Herr Meyer, Sie sind gerade nach einer längeren Auszeit wieder in Ihren Job zurückgekehrt. Wie hat es sich angefühlt, rund 10 Wochen offline ohne Termine und SMS zu leben?

Andreas Meyer: Ganz hervorragend. Seit über 25 Jahren war es das erste Mal, dass ich nicht geschäftliche E-Mails und SMS angeschaut habe, was ich sonst täglich tue. So eine Auszeit bekommt einem persönlich gut, und man erhält auch eine realistische Distanz zum eigenen Tun.

Sie haben sich also nicht gelangweilt?

Überhaupt nicht, auch wenn ich all die Menschen ein wenig vermisst habe, mit denen ich normalerweise tagtäglich zusammenarbeite. Wir haben eine sehr enge Verbindung. Die SBB liegen mir am Herzen. Aber auch ohne die SBB würde es sonst nicht langweilig.

Sie sagten, Sie wünschten allen Mitarbeitenden eine solche Auszeit. Ist das realistisch?

Ich denke, ab und zu richtig abzuschalten, muss auf allen Ebenen gefördert werden. Dies hilft bei vielen Herausforderungen, Gas zu geben, aber auch locker zu bleiben.

Etwas böswillig könnte man sagen, die SBB waren in den letzten Wochen auch ohne ihren Chef unterwegs ...

Das ist so und muss für eine gewisse Zeit auch so funktionieren. Mit einem kompetenten Führungsteam war das für mich der Fall und ich fühlte mich komfortabel. Ich habe die laufenden Diskussionen aus der Ferne mitbekommen, etwa über die Konzession des Fernverkehrs oder die Entschädigung bei Verspätungen. Mit den Kadern und dem Verwaltungsrat haben wir zuvor ein Agenda- and Target-Setting gemacht. Es ist ein gelebtes Vertrauensverhältnis. Generell will ich ohnehin mehr Verantwortung delegieren – nach unten und in die Regionen.

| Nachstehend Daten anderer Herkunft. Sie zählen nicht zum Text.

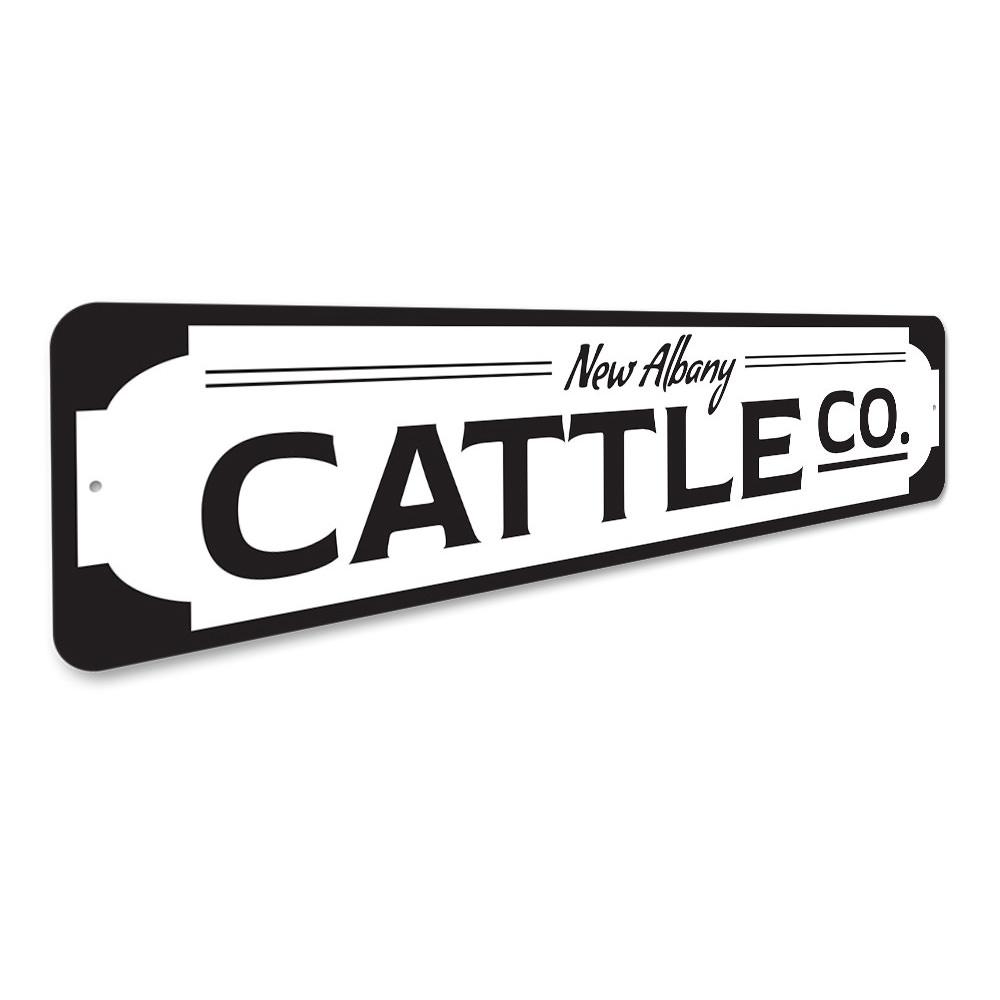 A custom Cattle Company Sign made of high-quality aluminum, featuring a rustic design suitable for home or business decor.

Eines der heissen Sommerthemen war und ist der Sommerfahrplan. Während Sie in der Auszeit waren, mussten viele Pendler längere Fahrzeiten und Unannehmlichkeiten in Kauf nehmen. Hat Sie das nicht auch aus der Ferne belastet?

Das Thema wurde lange Zeit im Voraus vorbereitet. Wir wurden deshalb nicht überrascht. Die SBB haben ihre Kunden sehr gut informiert. Und die meisten haben auch viel Verständnis gezeigt, dass wir mehr Unterhaltsarbeiten ausführen und dadurch 30 Prozent an Kosten sparen können. Ich habe mir jetzt die Kundenreaktionen angeschaut. Und die Klagen liegen auf einem sehr niedrigen Niveau. Ich danke den Kunden für Ihr Verständnis.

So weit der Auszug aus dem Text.